In the future, increased use of renewable energy will necessitate increased load balancing to avoid fluctuations in the supply. Nuclear power plants may acquire a new role in this respect, and an R&D project will investigate the technical possibilities and limitations.
Nuclear reactors are traditionally run in such a way that they produce a stable output. The new R&D project will investigate what happens if output is reduced at times when load is low – for example, at night.
“The idea is a bit controversial in the nuclear business, but still very possible,” says Jonas Persson, at Power Technology, Vattenfall Research and Development, one of two project leaders.
“For example, France is already balancing its nuclear power output. We will investigate a number of aspects such as operational impact, safety issues and nuclear fuel issues, and analyse risks such as the potential shortening of the lifetime of nuclear plant equipment that could result from balancing operations.”
In a power system, generation must always be balanced with load, or else the power frequency is affected.

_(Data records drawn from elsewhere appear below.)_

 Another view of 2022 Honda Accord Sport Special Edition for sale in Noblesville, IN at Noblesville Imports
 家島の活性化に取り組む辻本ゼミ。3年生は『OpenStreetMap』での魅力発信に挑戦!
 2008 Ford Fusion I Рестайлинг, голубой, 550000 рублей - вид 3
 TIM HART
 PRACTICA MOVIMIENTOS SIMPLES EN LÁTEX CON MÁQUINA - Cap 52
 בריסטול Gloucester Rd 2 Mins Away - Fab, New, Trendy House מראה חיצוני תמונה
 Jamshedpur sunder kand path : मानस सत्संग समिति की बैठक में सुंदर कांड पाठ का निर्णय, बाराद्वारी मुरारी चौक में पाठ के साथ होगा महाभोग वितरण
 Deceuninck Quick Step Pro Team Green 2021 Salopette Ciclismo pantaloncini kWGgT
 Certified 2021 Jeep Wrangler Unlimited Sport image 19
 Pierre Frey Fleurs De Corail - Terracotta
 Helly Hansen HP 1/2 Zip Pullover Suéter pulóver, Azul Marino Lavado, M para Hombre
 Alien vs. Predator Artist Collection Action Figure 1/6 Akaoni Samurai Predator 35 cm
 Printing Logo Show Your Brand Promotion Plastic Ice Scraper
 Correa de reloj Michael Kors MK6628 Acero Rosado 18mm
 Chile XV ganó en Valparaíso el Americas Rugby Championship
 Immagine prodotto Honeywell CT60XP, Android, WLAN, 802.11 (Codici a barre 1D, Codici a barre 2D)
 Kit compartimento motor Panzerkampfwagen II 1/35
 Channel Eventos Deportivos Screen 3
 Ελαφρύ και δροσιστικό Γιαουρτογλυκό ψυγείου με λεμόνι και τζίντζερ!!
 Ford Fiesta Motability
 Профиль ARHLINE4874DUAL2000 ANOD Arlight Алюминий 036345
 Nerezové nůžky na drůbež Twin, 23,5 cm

In Sweden, equilibrium is traditionally maintained by balancing the output of hydropower plants.
But in the future, increasing use will be made of intermittent renewable energy sources such as wind power and solar energy. The Swedish government has set a goal that, by 2020, 25 TWh more electricity will be generated from renewable resources than was the case in 2002. It is envisioned that this will include 10 TWh of wind power, meaning that merely balancing the output of hydropower plants may be insufficient.